While we were enjoying our delicious breakfast there was a Paddy Melon grazing on the vegetation just outside the full length glass windows next to the dining table. They must feel very comfortable around the area as it wasn't the last one we saw for the trip. After everyone had finished breakfast and prepped for the day we were to meet in the courtyard area to begin what would be another fantastic day in the Bay of Fires. The day would be split up into three sections, a walk through the forest to catch a bus then kayaking along the Ansons River before walking back to the lodge through the dune system. There is a network of trails around the lodge that you can enjoy on the fourth day but they also serve to take you to different points on days three and four. The first section leading away from the lodge and day spa (more on that in the next day) is used a couple of times on the trip and takes you through some familiar coastal heath.

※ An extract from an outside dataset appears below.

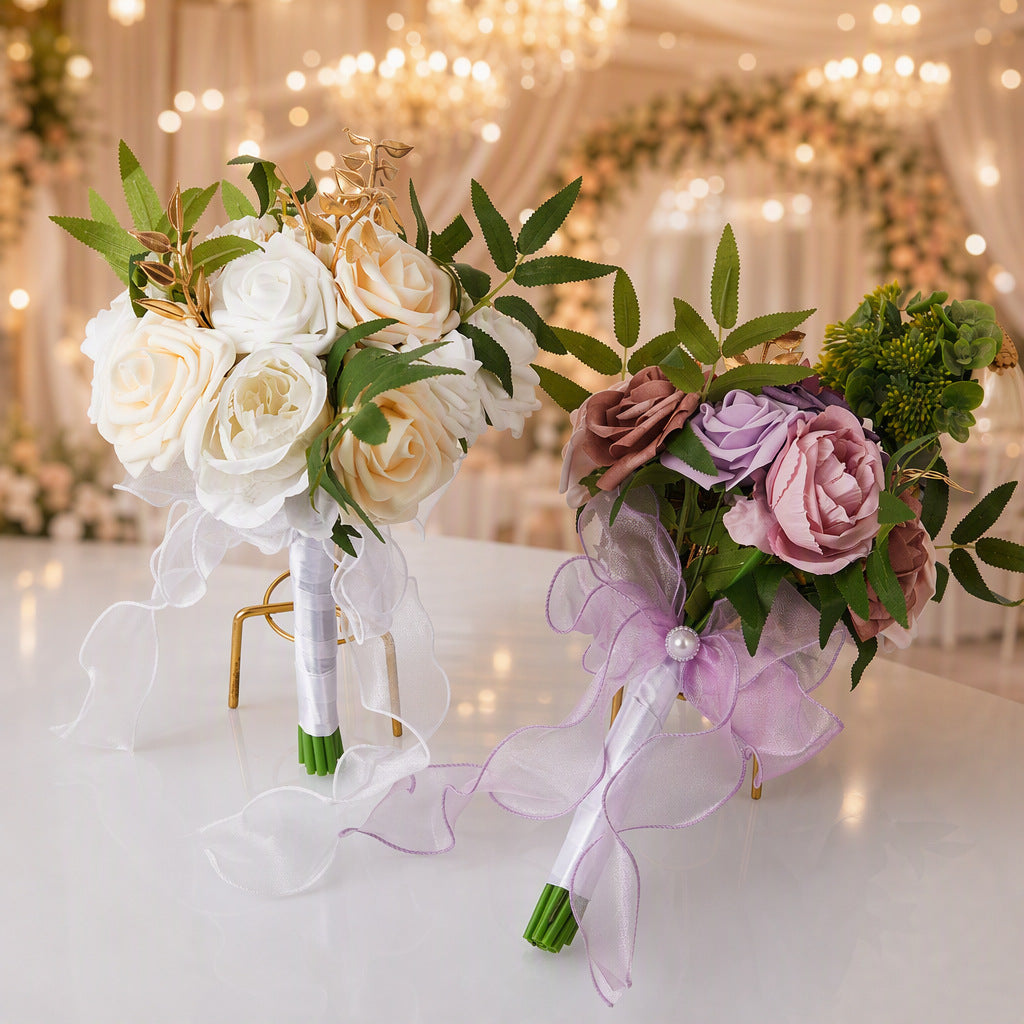 Ramo de rosas artificiales para bodas, 7 flores, 29 cm, decoración nupcial y fotográfica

She Oaks, Banksias, ferns and grass trees line the single trail as you make your way down to one of the 4x4 access tracks. It's a pleasant start to the day and unlike most of the first two days we were all grouped up pretty tight (and in silence). When we reached the 4x4 track we all spread out with the extra room and began the stroll to where Jessie would be waiting for us with the bus. While not a big fan of 4x4 tracks, especially in stunted or coastal landscapes, this one actually turned out to be pretty good. Even in this "dry" part of Tasmania, the ferns lining the track made it feel very lush and reminded me a lot of the wetter and more mature of the Jarrah forests back home. To start with the scenery was very open and sandy but the further we got up the hill (and away from the coast), the lusher the forest became. Charlie, Tom and Lindy were part of the Tête de la Course with Caris and I the Chasse patate so I had plenty of opportunity to take photos of an empty forest and with people in shot.

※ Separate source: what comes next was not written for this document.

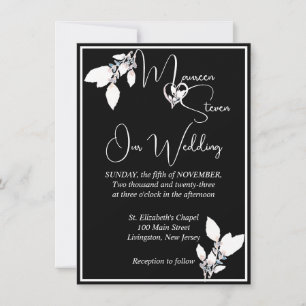 Invitation Floral Elegant noir et blanc Mariage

After a thoroughly enjoyable forest section we saw Jessie and the bus parked up on the side of the road and waited for everyone to catch up. The drive out to the start of the kayaking felt like we were all on Survivor and had done the walk to tribal council out of camp for the cameras and then loaded onto buses for the rest of the journey (I was shattered when I found out they did that). The thin illusion of a being on a proper multi-day hike had vanished but logistically this makes the most sense as walking the entire way to the start would take up most of the day, leaving little time to enjoy the kayaking and beautiful walking to finish the day. Arriving at a functional concrete bridge that crosses the Ansons River we met Jo, the lady who would be providing the kayaks and meeting us on the other side of the bay to collect them again. Judging by the starting point, the kayak was going to be pretty spectacular with the forest towering over the winding river with clear skies and no breeze. The process from getting from bus to sitting in kayaks was a bit lengthy but we had to transfer our gear to any dry sacks we'd brought, put on our life vests and dry skirts along with getting a kayaking tutorial from Joel. Being in fairly stable two person kayaks it was unlikely we were going to capsize but it was nice that Joel went through the motions and prepared us all properly.

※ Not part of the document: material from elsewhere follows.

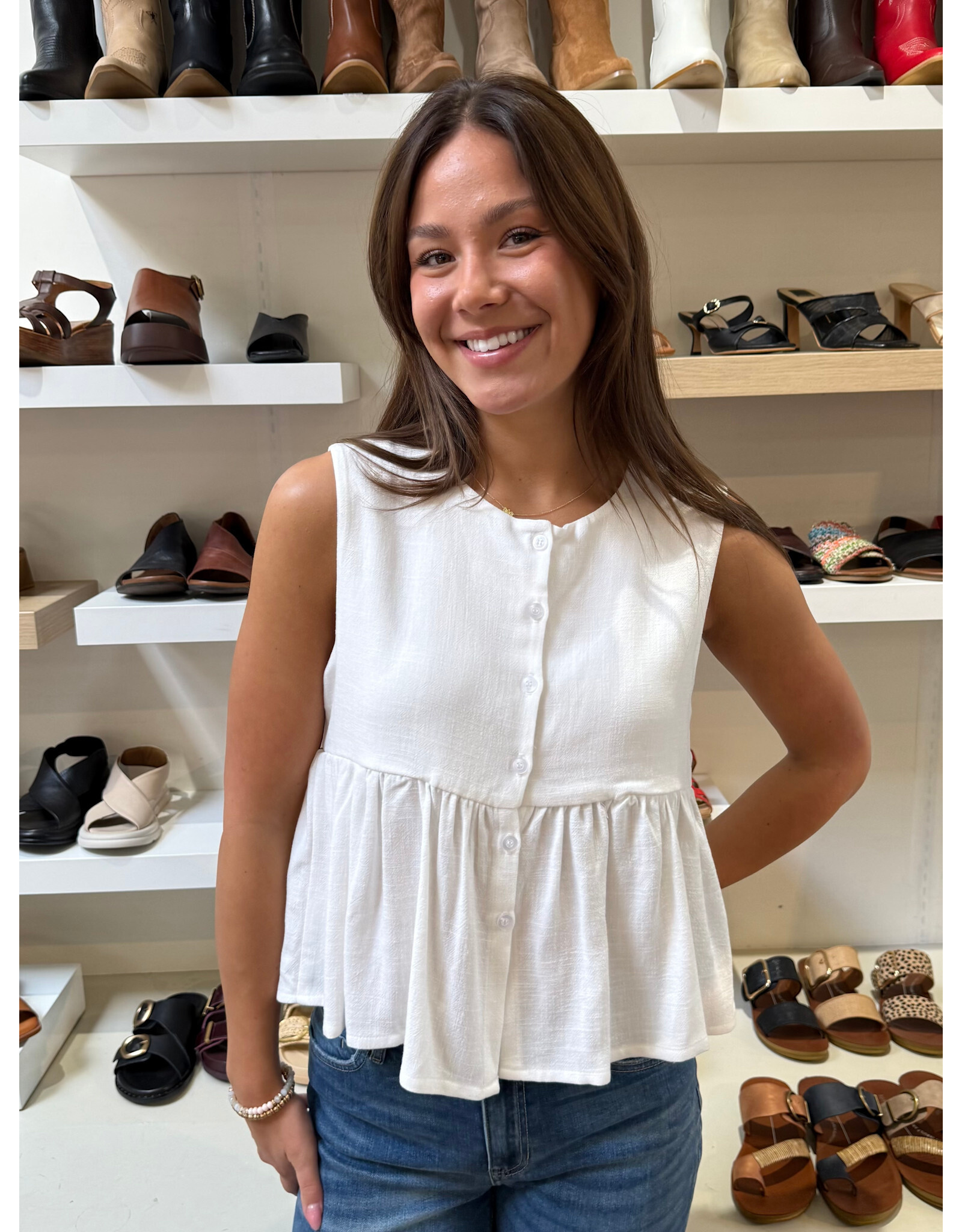 Dailystory Dailystory - Leane Button Up Peplum Tank (Off White)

I chose Caris to be my kayaking partner as we'd done something similar in Broome a few years ago and she'd done quite well then (not to mention we live together with two fur babies). Hitting the water was a fun experience and I had chosen to bring along my DSLR, hoping that it wouldn't fall in the water or get too wet (I stored it in a small dry sack when not in use). When everyone was in the water we began our paddle downstream as the river meandered through the forest towards Ansons Bay. I was keen to get as many photos as I could of this part so there wasn't a big gap in this post but it was tricky to stop paddling, undo the dry sack, extract the camera and then stuff it back in without losing a lot of momentum. Consequently we drifted back from the main group but Jessie hung back with us and the main group was never too far away in the end. The kayaking was very fun and a good change of pace from the hiking of the previous two days. It was nice to interact with the water in a different way than just getting your feet wet and this was a very lovely way to see the forest from a different perspective.